Background: In 2023, the Office for National Statistics (ONS) attributed 46.8 % of fatal drug poisonings in England and Wales to opioids. However, this figure likely underrepresents the true scale of opioid-related deaths, as ONS cannot identify opioid involvement when ambiguous causes (e.g., multidrug toxicity) are used. This study used ONS and National Programme on Substance Use Mortality (NPSUM) data to provide a more comprehensive estimate of opioid-related deaths in England and Wales from 2011-2022.

Methods: Deaths were identified as opioid-related by ONS and NPSUM where opioids were explicitly named as a cause. Further cases with ambiguous causes were identified by NPSUM as opioid-related by referring to the accompanying toxicology report.

Findings: ONS has increasingly underestimated opioid-related deaths. In 2011, 574 heroin/morphine-related deaths were identified by ONS; while the estimated number was 813 (95 % CIs 765-866), reflecting a 29 % underestimate. By 2022, the underestimate had extended to 36 % (1264 deaths identified by ONS; estimated number 1980 [95 % CIs 1894-2074]). This correlates with increasing polypharmacy (median number of co-administered drugs: four in 2011, six in 2022, ρ=0.81). Similar trends were observed for other specific opioids for which ONS data were available: methadone, dihydrocodeine, codeine, tramadol, and fentanyl.

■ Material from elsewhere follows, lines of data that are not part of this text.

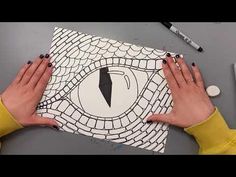 two hands on top of a piece of paper that has an eye drawn on it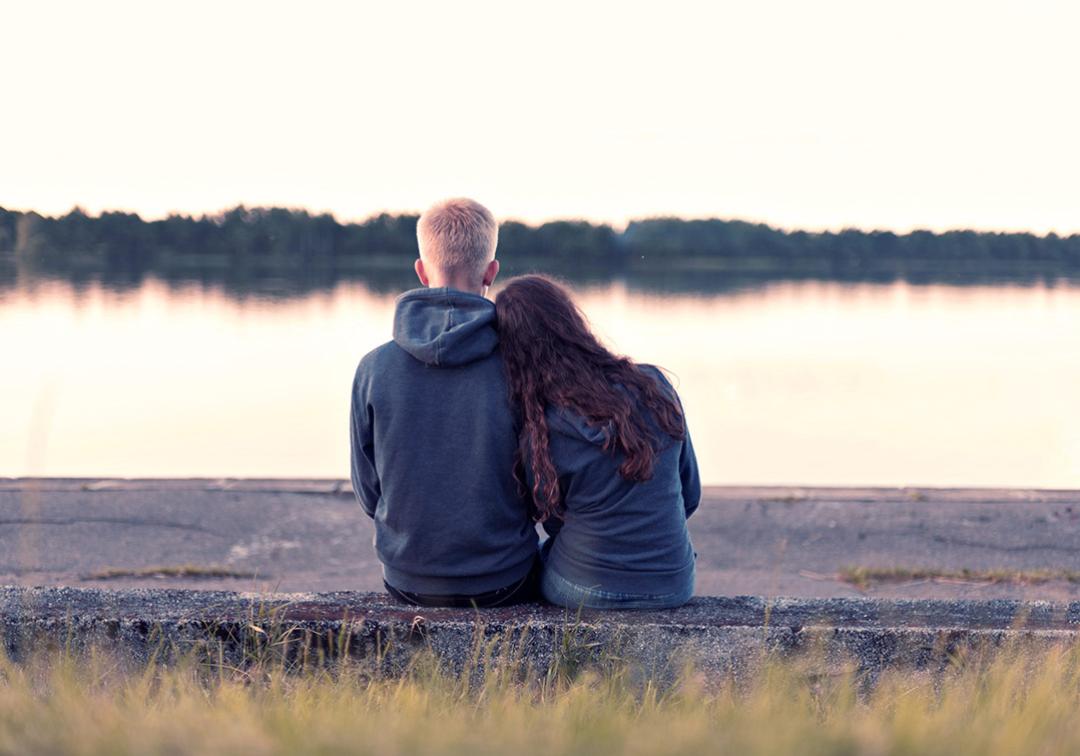 Teenage couple sitting by lake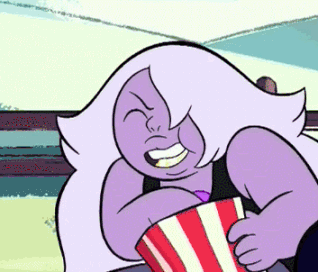 A Cartoon Character With Purple Hair Is Eating Popcorn GIF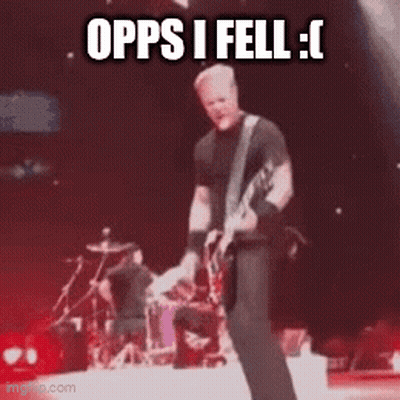 Man On Stage Playing Guitar Saying Opps I Fell GIF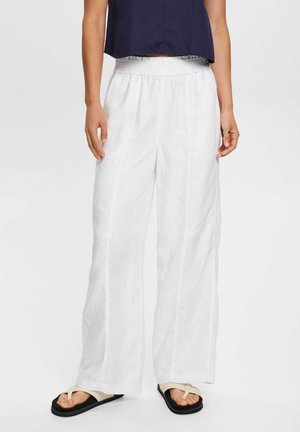 Osoba nosząca białe spodnie z szerokimi nogawkami, czarne i beżowe sandały oraz granatowy krótki top na jednolitym jasnym tle.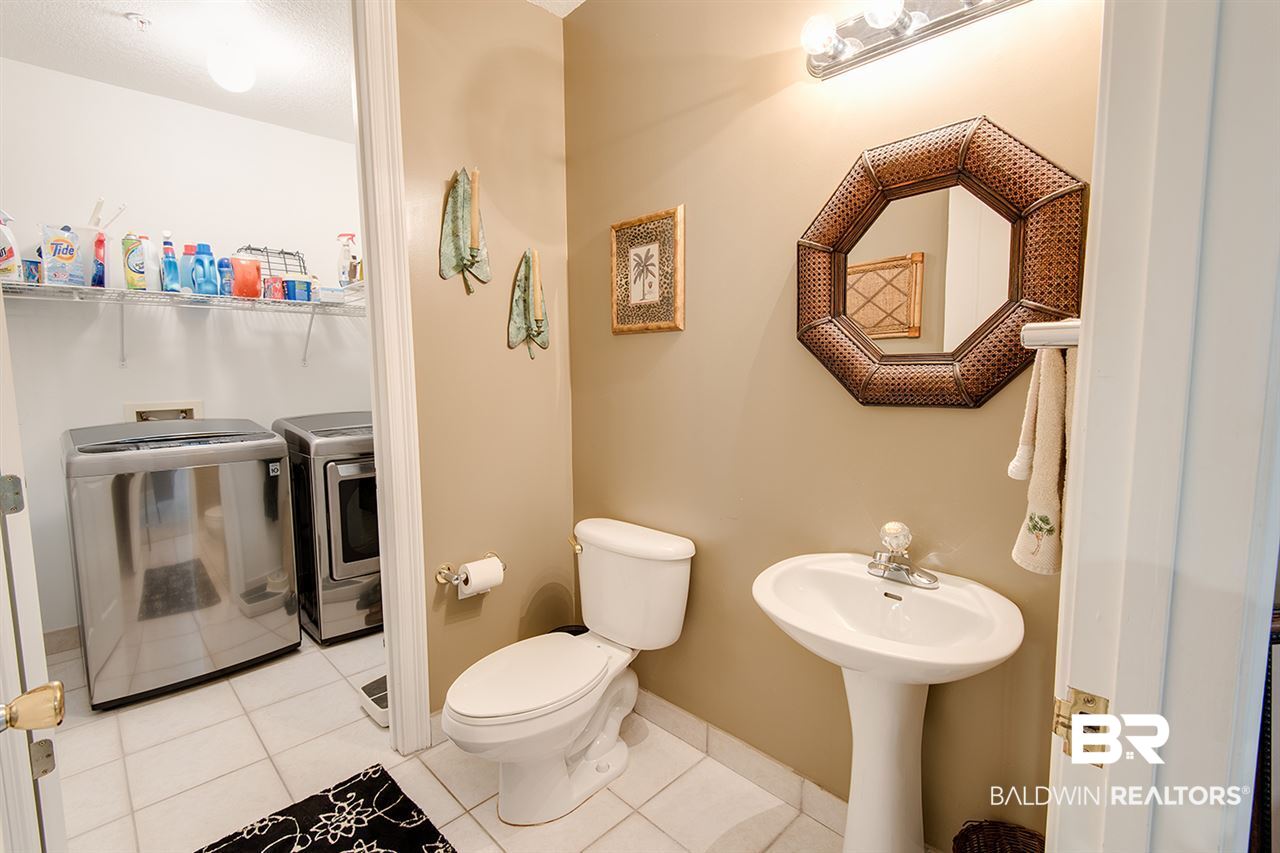27284 Gulf Road, Unit 213 Orange Beach, AL 36561 - Photo 17 of 40 Settled off the kitche and separate w/d area.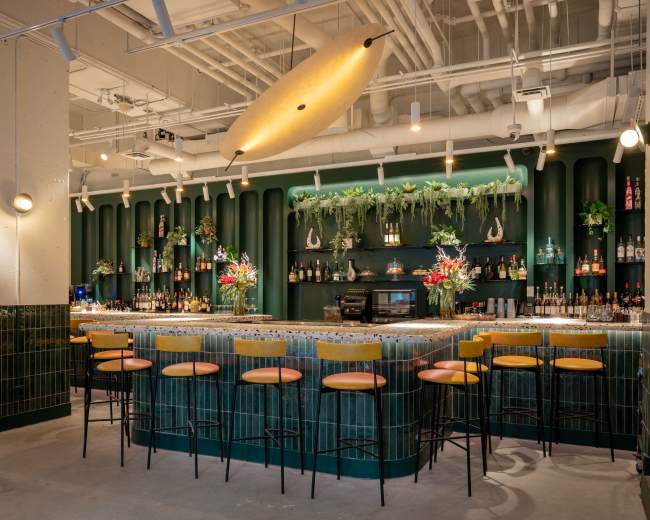 The image shows a modern bar with a green and gold color scheme, featuring a curved counter, high stools, and shelves stocked with various bottles, adorned with plants and decorative elements.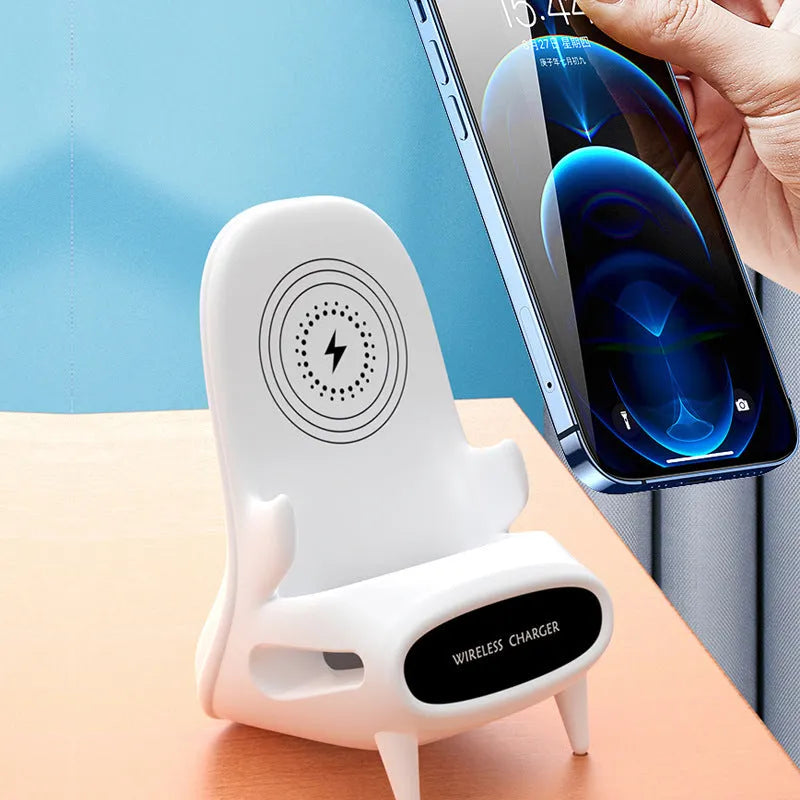 White mini chair shaped wireless charging stand holding smartphone on desk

Conclusions: Increasing polydrug use in England and Wales is likely leading to the use of ambiguous drug-related causes of death instead of every drug being individually named, resulting in an underestimation of opioid-related deaths. This discrepancy has significant implications for funding, policy and public health initiatives aimed at addressing the UK's escalating opioid-related death crisis.